In Agda we use coinductive record types to represent coinductive data types. Moreover, we use sized types to help the termination checker to recognize productive corecursive function definitions. Therefore, the Partial type has an additional parameter of type Size:

data Partial (A : Set) (i : Size) : Set where
  now   : A → Partial A i
  later : ∞Partial A i → Partial A i

record ∞Partial (A : Set) (i : Size) : Set where
  coinductive
  constructor delay
  field
    force : {j : Size< i} → Partial A j

Mutual inductive and coinductive function definitions

The semantic functions eval and exec are well-defined because recursive calls take smaller arguments (either structurally or according to some measure), or are guarded by Later. For example, in the case of the Repeat language, eval is applied to the structurally smaller x and y in the case of Add or is guarded by Later in the case for Repeat:

eval :: Expr -> Partial Int
eval (Val n)      = return n
eval (Add x y)    = do m <- eval x; n <- eval y; return (m + n)
eval (Repeat x)   = do eval x; Later (eval (Repeat x))

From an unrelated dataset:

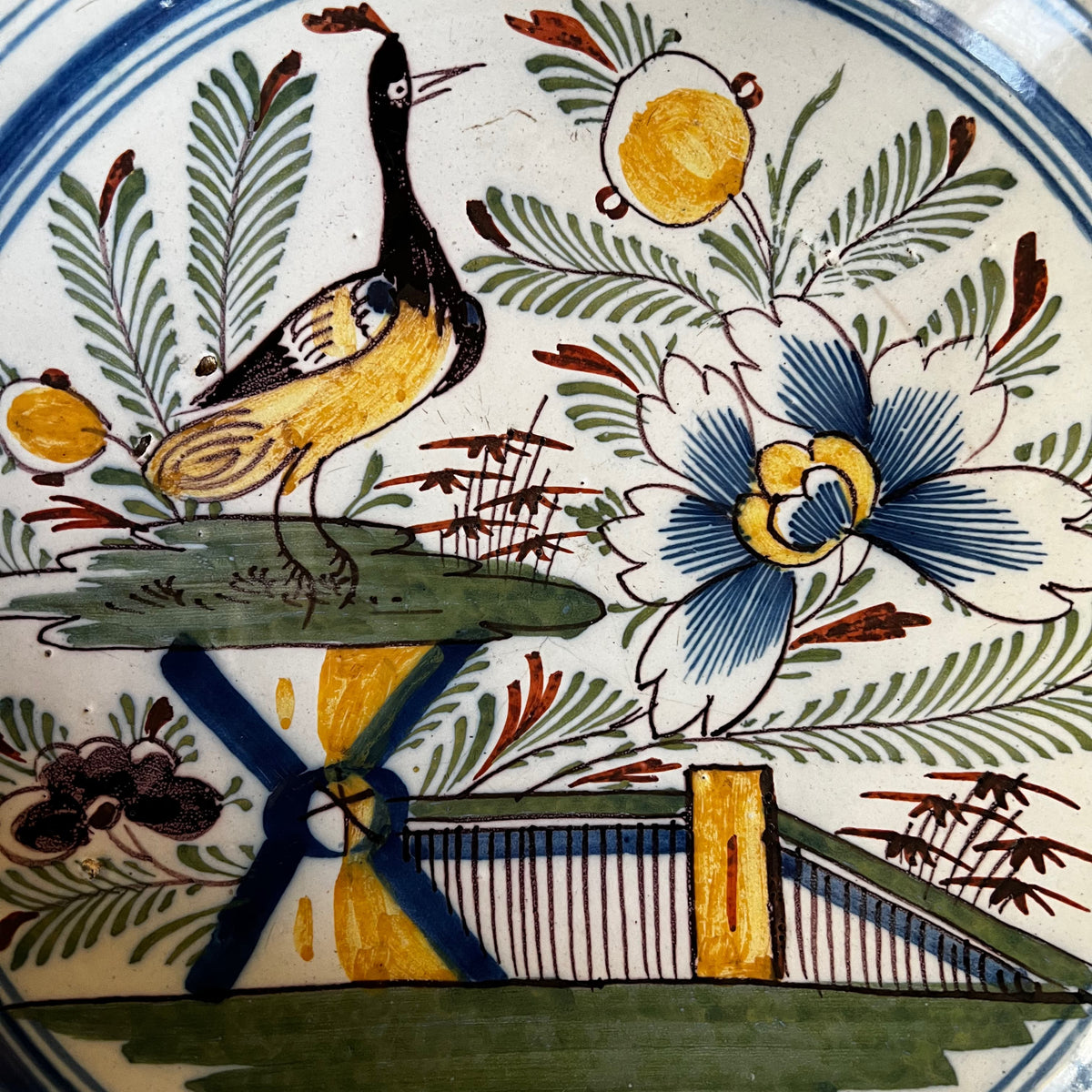 Détail peint à la main du décor sinisant représentant un oiseau exotique posé sur un tertre à côté d'une barrière jaune et bleue.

This translates to two mutually recursive functions in Agda, one for recursive calls (applied to smaller arguments) and one for corecursive calls (guarded by Later). We use the prefix ∞ to distinguish the corecursive function from the recursive function. For example, for the Repeat language we write an eval and an ∞eval function:

mutual
  eval : ∀ {i} → Expr → Partial ℕ i
  eval (Val x) = return x
  eval (Add x y) =
    do n ← eval x
       m ← eval y
       return (n + m)
  eval (Repeat x) = eval x >> later (∞eval (Repeat x))

  ∞eval : ∀ {i} → Expr → ∞Partial ℕ i
  force (∞eval x) = eval x

Mutual inductive and coinductive types

In the paper, we use the ∞ notation to indicate coinductive arguments in mixed inductive and coinductive type definitions, e.g.:

data Code = HALT | REC (∞ Code) | ...

Similarly to the translation of function definitions, this ∞ notation can be translated into a mutual recursive definition of an inductive type Code and a coinductive type ∞Code in a canonical way (using sized types as for Partial):

mutual
  data Code (i : Size) : Set where
    HALT : Code i
    REC' : ∞Code i → Code i
    ...
  
  record ∞Code (i : Size) : Set where
    coinductive
    constructor delay
    field
      force :  {j : Size< i} → Code j

Definition of unravelling

The termination checker is disabled (using the TERMINATING pragma) for the definition of the generic unravelling transformation in Code.agda as Agda does not recognize it as total. We give an informal argument in Code.agda why unravelling is terminating. Since the argument depends on parametricity we cannot make this formal in Agda. As an alternative, the DeBruijn folder contains a variant of the formalisation that uses de Bruijn indices instead of parametric higher-order abstract syntax. This allows us to define unravelling in a way that Agda recognises as total but at the expense of clarity in the compiler calculations.